Problem requirements:
In the listing below, find the line containing "planning budget 141445879" and the line containing "4 cased cutlery sets.". Repeat exactly those two lines and every line between them, nothing more.

Segment Start: Records for this task

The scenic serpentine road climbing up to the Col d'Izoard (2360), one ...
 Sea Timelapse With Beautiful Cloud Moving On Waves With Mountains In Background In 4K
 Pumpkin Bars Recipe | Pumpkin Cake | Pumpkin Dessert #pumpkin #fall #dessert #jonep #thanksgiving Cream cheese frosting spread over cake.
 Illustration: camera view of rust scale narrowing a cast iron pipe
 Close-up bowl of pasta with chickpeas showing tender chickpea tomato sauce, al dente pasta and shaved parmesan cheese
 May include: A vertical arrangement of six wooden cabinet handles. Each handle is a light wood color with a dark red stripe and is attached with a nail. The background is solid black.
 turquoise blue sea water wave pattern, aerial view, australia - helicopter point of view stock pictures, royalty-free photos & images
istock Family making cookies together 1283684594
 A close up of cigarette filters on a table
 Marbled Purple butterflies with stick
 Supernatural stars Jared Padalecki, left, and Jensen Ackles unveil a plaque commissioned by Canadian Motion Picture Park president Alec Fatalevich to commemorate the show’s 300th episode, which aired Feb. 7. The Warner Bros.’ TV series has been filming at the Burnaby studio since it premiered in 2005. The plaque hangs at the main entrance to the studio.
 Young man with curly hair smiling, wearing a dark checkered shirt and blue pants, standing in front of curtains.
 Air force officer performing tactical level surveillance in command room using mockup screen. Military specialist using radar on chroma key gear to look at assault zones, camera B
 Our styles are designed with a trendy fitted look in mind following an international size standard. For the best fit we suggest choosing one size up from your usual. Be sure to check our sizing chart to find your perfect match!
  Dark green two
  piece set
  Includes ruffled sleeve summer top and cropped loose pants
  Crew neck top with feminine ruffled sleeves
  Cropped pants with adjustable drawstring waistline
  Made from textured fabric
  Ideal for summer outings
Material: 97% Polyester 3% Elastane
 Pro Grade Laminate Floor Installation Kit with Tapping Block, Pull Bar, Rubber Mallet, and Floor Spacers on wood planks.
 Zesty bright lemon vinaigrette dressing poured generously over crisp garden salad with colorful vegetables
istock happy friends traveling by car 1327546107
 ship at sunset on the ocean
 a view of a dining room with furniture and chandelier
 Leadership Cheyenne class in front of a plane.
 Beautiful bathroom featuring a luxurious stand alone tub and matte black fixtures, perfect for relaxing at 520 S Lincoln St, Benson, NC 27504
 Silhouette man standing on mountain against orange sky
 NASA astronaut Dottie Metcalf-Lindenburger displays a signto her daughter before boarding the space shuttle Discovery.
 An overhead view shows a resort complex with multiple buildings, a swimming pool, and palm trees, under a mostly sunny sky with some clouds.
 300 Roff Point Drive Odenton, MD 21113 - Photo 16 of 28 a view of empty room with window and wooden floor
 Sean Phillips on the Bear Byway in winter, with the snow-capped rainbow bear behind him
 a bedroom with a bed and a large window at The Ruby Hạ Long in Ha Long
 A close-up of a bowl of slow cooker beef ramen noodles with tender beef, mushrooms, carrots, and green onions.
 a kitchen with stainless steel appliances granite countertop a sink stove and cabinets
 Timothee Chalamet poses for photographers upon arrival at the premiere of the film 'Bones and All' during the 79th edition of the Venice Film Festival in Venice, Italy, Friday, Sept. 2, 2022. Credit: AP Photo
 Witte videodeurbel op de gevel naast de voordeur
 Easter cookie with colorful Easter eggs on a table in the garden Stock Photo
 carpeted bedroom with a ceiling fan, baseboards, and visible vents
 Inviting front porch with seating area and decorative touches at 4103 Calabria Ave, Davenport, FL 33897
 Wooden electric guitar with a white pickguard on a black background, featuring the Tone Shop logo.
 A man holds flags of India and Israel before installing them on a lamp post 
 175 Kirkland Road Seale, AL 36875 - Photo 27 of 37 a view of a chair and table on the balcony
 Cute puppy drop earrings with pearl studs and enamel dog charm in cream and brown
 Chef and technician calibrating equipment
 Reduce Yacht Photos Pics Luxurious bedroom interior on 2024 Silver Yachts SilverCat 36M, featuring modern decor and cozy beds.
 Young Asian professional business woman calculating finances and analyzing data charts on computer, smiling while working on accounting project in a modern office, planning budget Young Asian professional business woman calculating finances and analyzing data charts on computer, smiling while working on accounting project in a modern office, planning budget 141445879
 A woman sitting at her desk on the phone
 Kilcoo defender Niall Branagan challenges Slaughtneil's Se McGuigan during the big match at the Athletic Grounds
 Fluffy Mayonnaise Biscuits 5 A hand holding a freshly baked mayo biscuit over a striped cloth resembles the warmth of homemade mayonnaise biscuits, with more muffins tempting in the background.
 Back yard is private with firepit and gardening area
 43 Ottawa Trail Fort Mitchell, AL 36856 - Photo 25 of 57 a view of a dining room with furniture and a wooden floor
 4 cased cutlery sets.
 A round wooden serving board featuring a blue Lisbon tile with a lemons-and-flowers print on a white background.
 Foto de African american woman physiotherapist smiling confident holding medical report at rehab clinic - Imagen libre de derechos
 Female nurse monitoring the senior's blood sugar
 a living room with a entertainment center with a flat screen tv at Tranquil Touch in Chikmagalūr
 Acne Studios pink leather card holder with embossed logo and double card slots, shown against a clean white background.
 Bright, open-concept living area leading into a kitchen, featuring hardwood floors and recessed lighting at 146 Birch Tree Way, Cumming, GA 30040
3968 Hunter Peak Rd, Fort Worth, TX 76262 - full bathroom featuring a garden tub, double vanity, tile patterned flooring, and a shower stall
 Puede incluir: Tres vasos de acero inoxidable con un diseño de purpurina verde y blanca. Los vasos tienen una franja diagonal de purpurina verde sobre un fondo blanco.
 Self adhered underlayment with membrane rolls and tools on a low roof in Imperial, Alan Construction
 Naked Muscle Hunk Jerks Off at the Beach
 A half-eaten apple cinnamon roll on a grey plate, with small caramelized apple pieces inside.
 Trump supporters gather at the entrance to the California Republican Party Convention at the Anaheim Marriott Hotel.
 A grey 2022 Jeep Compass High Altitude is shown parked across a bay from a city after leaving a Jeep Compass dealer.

Segment End: Records for this task

Result of the task:
 Young Asian professional business woman calculating finances and analyzing data charts on computer, smiling while working on accounting project in a modern office, planning budget Young Asian professional business woman calculating finances and analyzing data charts on computer, smiling while working on accounting project in a modern office, planning budget 141445879
 A woman sitting at her desk on the phone
 Kilcoo defender Niall Branagan challenges Slaughtneil's Se McGuigan during the big match at the Athletic Grounds
 Fluffy Mayonnaise Biscuits 5 A hand holding a freshly baked mayo biscuit over a striped cloth resembles the warmth of homemade mayonnaise biscuits, with more muffins tempting in the background.
 Back yard is private with firepit and gardening area
 43 Ottawa Trail Fort Mitchell, AL 36856 - Photo 25 of 57 a view of a dining room with furniture and a wooden floor
 4 cased cutlery sets.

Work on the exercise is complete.